To explore the data further
- Tick the box (top left) to filter the results for only interventional or observational trials.
- To filter the results for one or a combination of the following: year, region, country, disease or phase, click on the relevant data element (for example on a region from the key in chart C; a point on the trend line for the year; or a bar beside the disease, phase or country of interest) in the relevant charts.
-- For any of the above selections, information in the other charts will update accordingly, as relevant. - Hover the cursor on a data element of interest (for example a bar or a point on a trend line) to see more information in a popup window.
- Hold the Ctrl key to select more than one option, for example two regions.
- Undo a selection by clicking ‘undo’ or ‘reset’ near the bottom of the page or by clicking the same element again.
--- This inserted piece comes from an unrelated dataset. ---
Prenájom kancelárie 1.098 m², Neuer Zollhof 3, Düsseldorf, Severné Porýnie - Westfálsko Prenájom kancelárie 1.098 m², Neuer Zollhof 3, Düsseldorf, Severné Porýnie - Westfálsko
Limitations of the data analysis
- There are several gaps in the ICTRP data source, which required data cleaning to uniformly classify data elements when possible. In some cases no information was available, e.g. on the country where the trial is conducted (7.07%) or the phase of development of clinical trials.
- Automated data mining was used to generate information on the primary disease investigated in each trial using text-based data fields.
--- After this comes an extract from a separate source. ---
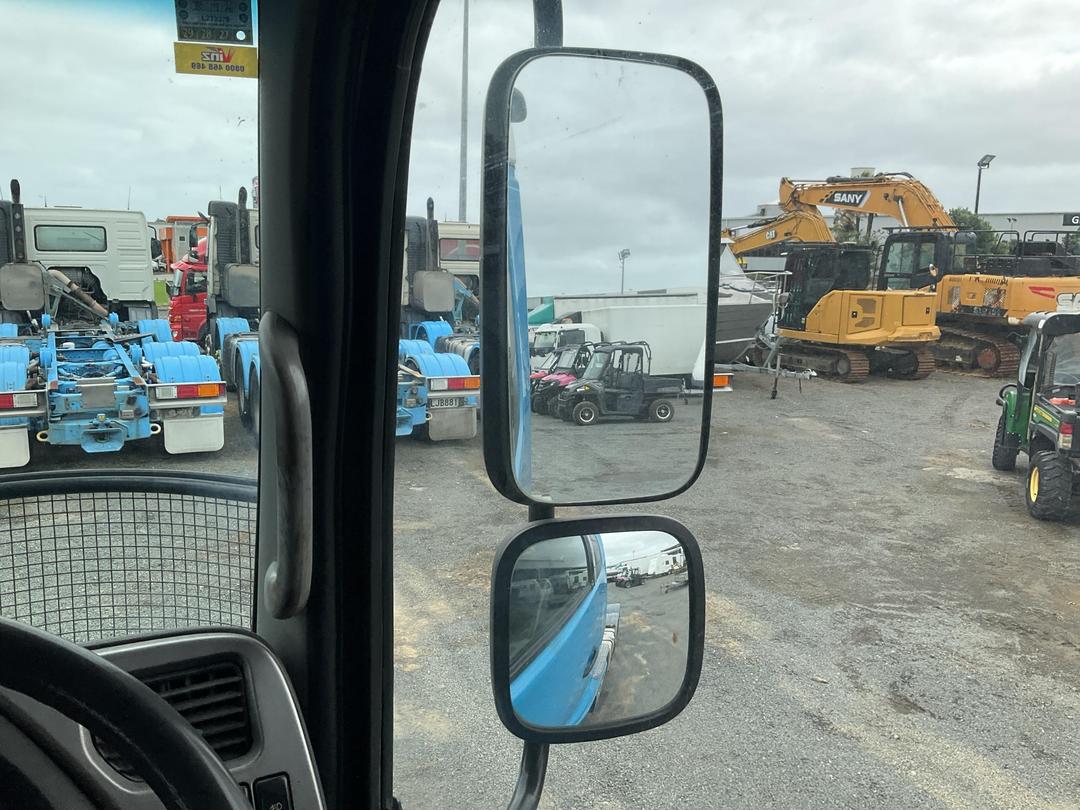 Photo '11' of UD Trucks GW26420 Tractor Unit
-- A list of disease synonyms was compiled using as a base the Unified Medical Language System (UMLS). This was complemented by synonyms drawn from the data, mostly to account for errors in data entry such as spelling errors or use of abbreviations.
-- An automated algorithm was applied to two data fields using the list of disease synonyms to generate the uniform disease classification field used in this analysis. The first field is based on free-text keywords provided by the registrant. The second is the scientific title of the trial. If the first field provided a match the second was not used.
-- The first match closer to the beginning of the text field was selected. This was considered the primary disease investigated by the trial. It is possible that the trial has more than one disease focus, which is not captured in this analysis.
-- The algorithm was refined through various iterations but as with any automated algorithm, it is likely that some trials were not correctly matched. A full description of the methods and approach is available in this paper: Resource allocation for biomedical research: analysis of investments by major funders.
-- This method resulted in matching around 80% of the trials to a disease or a condition. Information on the diseases presented above is therefore not representative of all trials on the ICTRP and must be interpreted with caution. - The data presented in this visualization utilizes classifications that are not mutually exclusive. For example, a registered trial can recruit participants from multiple countries and regions. In this case, the trial will be counted once per region in chart C but once per country in chart E. The total number of trials across the two charts is therefore not equivalent.
- The analysis will be updated at regular time points but time lags with the scheduled updates by the data sources are inevitable. Accuracy and completeness of the information is the responsibility of the data source, see terms and conditions of use.